Cabbage. As a child we only ate cabbage on St. Patrick’s Day, which, was actually a little confusing because I grew up thinking we must be of Irish descent, when in fact we were not. Why we “celebrated” St. Patrick’s Day I still don’t understand, I think my mother just did not want us to feel left out. Even then the cabbage we ate was just your normal cabbage. Then there were the pretty purple cabbages you could put outside with your mum’s in the fall…but savoy cabbage…I had never seen growing up.
We came across them in the market the other day and decide to stuff them into little charlottes.

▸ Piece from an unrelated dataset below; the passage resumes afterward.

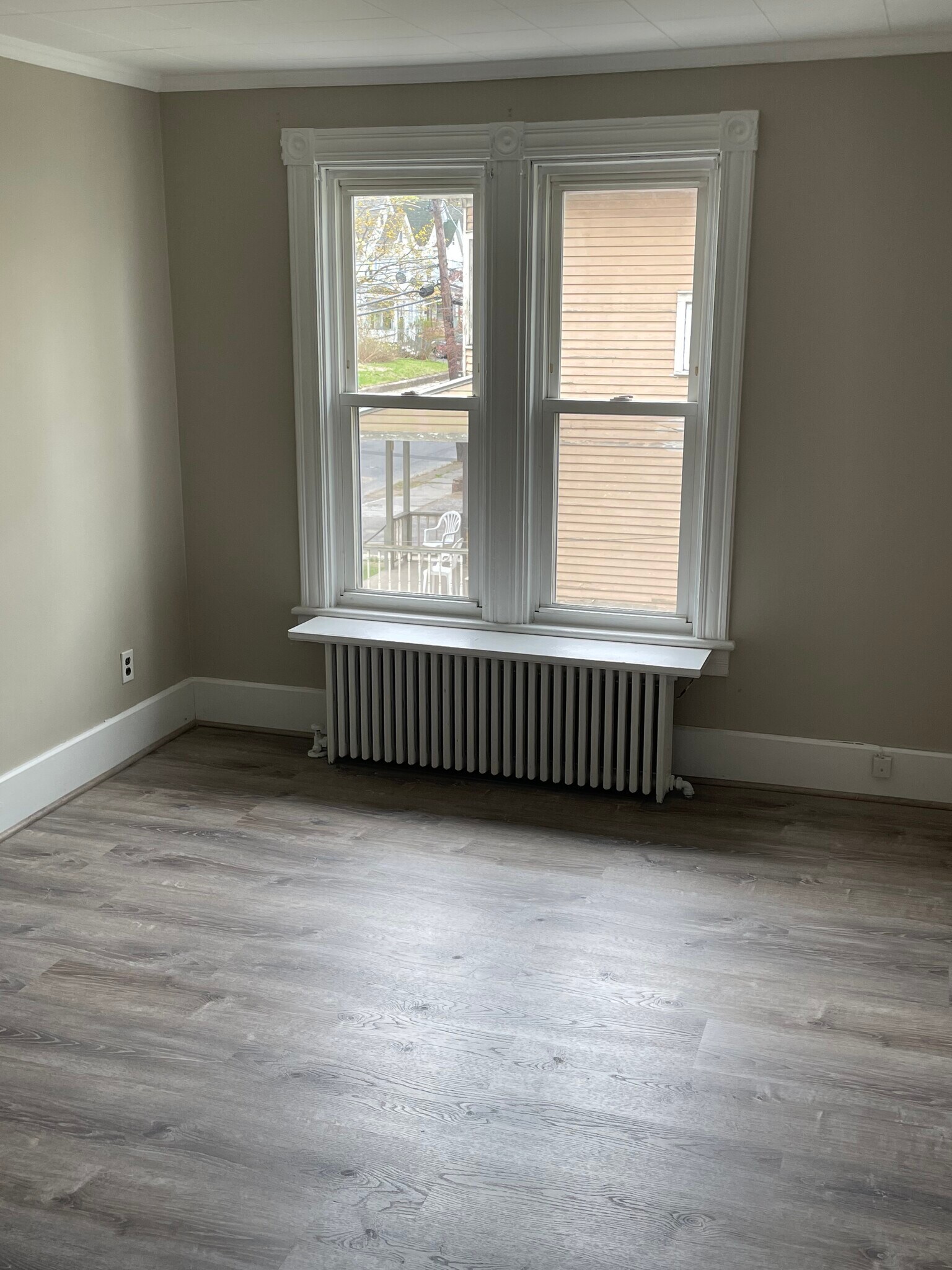 Living Room - 49 W Oreilly St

We began with our savoy cabbage, parsnips, celery, a turnip, one onion and a carrot as well as some Italian parsley.
In a sauté pan sweat down the onion and the celery until translucent. Add in the carrot, parsnip and turnip and sauté with a splash of olive oil and white wine.
Separate the cabbage leaves and drop them into boiling water.
Keep them in the water for about two minutes and immediately remove them and drop them into an ice bath.
While the cabbage leaves are cooling in the ice bath prepare the mold for the charlottes by placing a small square of saran wrap in a ladle which has been sprayed with cooking spray.
Remove the cabbage leaves from the ice bath and dry them off. Cut the leaves from the veins.
Place one leaf in the mold.
Layer the second leaf in the other direction.
Begin spooning in the vegetable mixture.
When they are filled to the top of the ladle start to fold over the cabbage leaves one side at a time until all four have been folded.
Once all four sides have been folded over begin to fold the saran wrap over the top and then remove the cabbage charlotte from the ladle.
You can place these wrapped charlottes in the fridge to be warmed later or you can just hold them as is while you plate the rest of your meal.
We served our savoy cabbage charlottes with de-boned sous vide lamb leg which had been cooked in garlic and rosemary and then browned off after 36 hours of cooking at about 60 degrees centigrade.
They are pretty on the plate and full of flavor.
Filling the cabbage takes away any of the assumed “blandness” associated with cabbage. These were like little presents full of flavor and texture. They were an excellent accompaniment to the lamb.